Und auch die Stadt Leipzig hatte ihre Auseinandersetzung mit der Gemeinde.

„Um eine Indoktrinierung von Kindern mit salafistischem Gedankengut soweit möglich zu verhindern, wurde dem Betrieb einer Kindertagesstätte im Gebäude der Al-Rahman-Moschee seitens der zuständigen Behörden die Genehmigung versagt, wogegen der Antragsteller/Betreiber – eine Unternehmensgesellschaft, vertreten durch Hassan Dabbagh – den Klageweg beschritt. Das Verwaltungsgericht Leipzig kam im Jahr 2016 zu dem Schluss, dass die Versagung der Betriebserlaubnis im Jahr 2014 rechtmäßig gewesen sei. Die durch den Kläger hiergegen eingelegte Berufung beim Oberverwaltungsgericht Bautzen (OVG) wurde mit Beschluss vom 21. August 2017 nicht zugelassen.“

Aber nur, um das Bedrohungspotenzial durch Islamisten richtig einzuschätzen: Mit geschätzten 390 ist die Zahl zwar gewachsen. Aber das Potenzial von durchaus gewaltbereiten Rechtsextremen schätzt der Verfassungsschutz auf 2.600 Personen in Sachsen ein. Die – wie wir nun in Chemnitz sehen konnten – leicht mobilisierbar sind.

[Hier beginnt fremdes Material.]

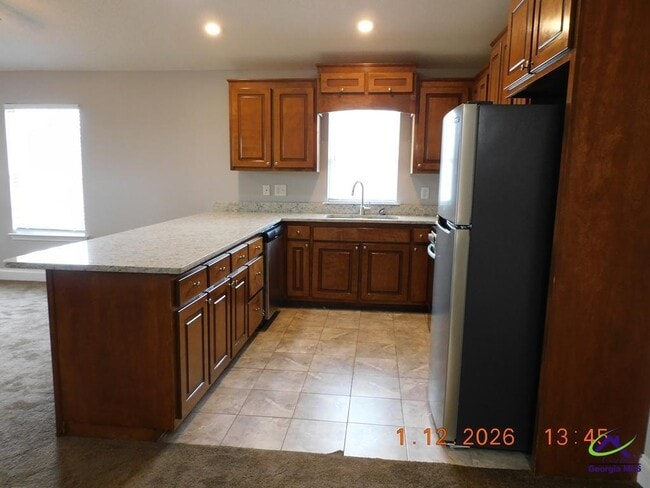 Building Photo - 408 Club Villa Court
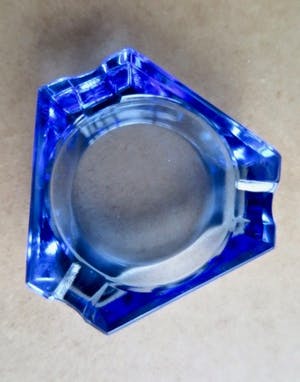 Niet of onleesbaar gesigneerd - Set decoratieve gekleurd glazen Asbakjes - 60-er jaren kopen? Bied vanaf 1!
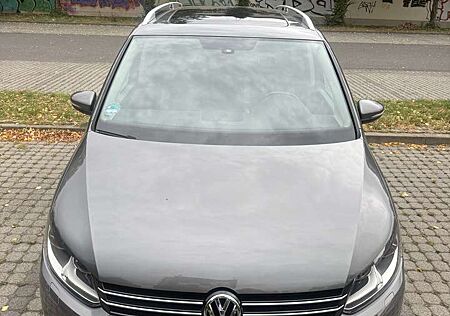 VW Touran Volkswagen 2.0 TDI DPF DSG Cup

Mit den Reichsbürgern kommen noch einmal 1.300 nicht ungefährliche Personen hinzu.

Bei den Linksextremisten kommt der Verfassungsschutz auf knapp 800 Personen.

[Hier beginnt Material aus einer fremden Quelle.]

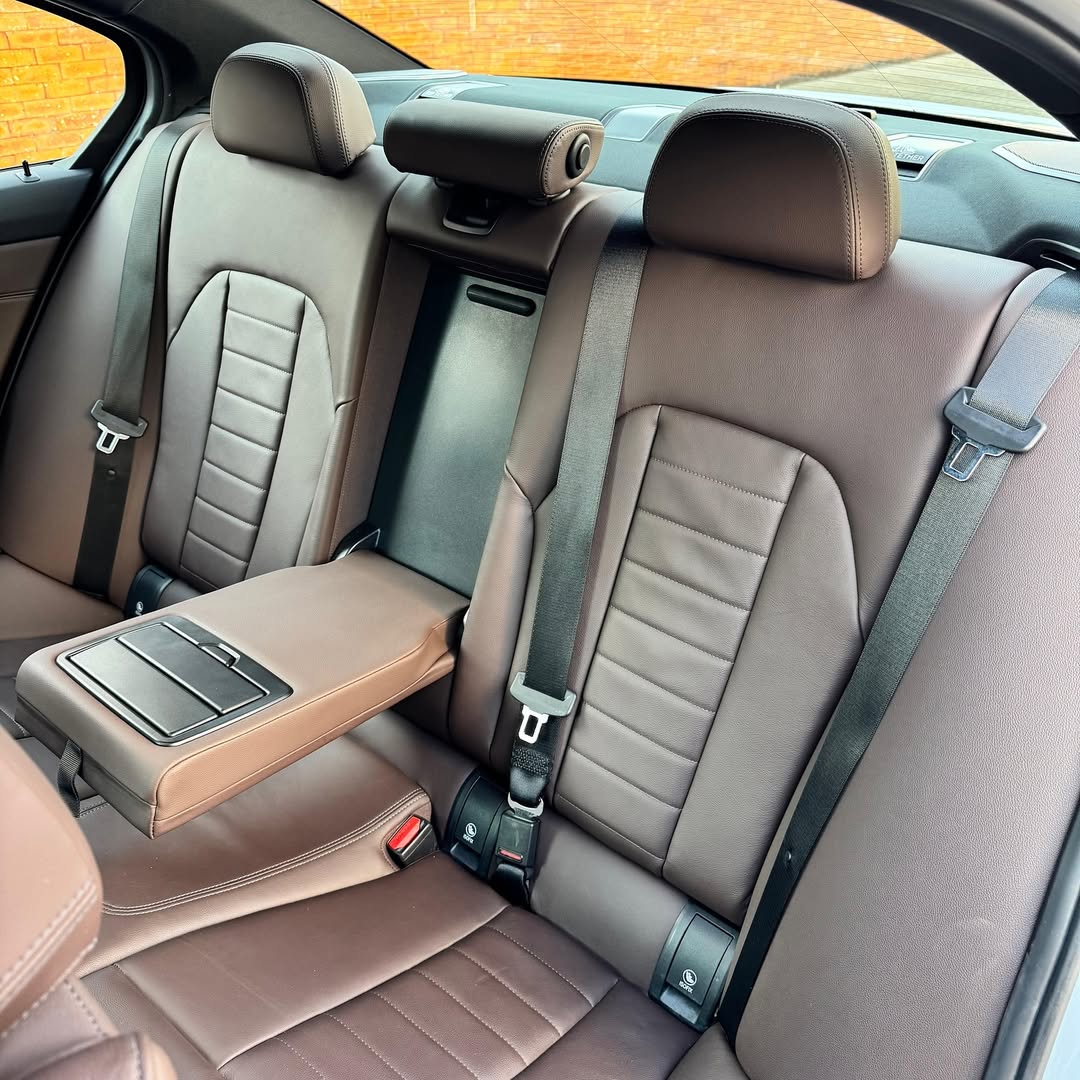 Imagem do Carro 8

Selbst wenn man also annimmt, dass alle 200 vom Verfassungsschutz als gefährlich eingestuften Salafisten in die Al-Rahman-Moschee gehen, wird die Mehrheit der dort angebundenen Gläubigen auch von den Verfassungsschützern als friedlich eingestuft.

Die Zahl der dorthin pilgernden Personen ist also kein Indiz dafür, dass eine gefährlichere Lage entstanden ist. Aber im Verfassungsschutzbericht führt die Landesbehörde viele Gründe dafür an, die Sache weiter zu beobachten und darüber zu berichten.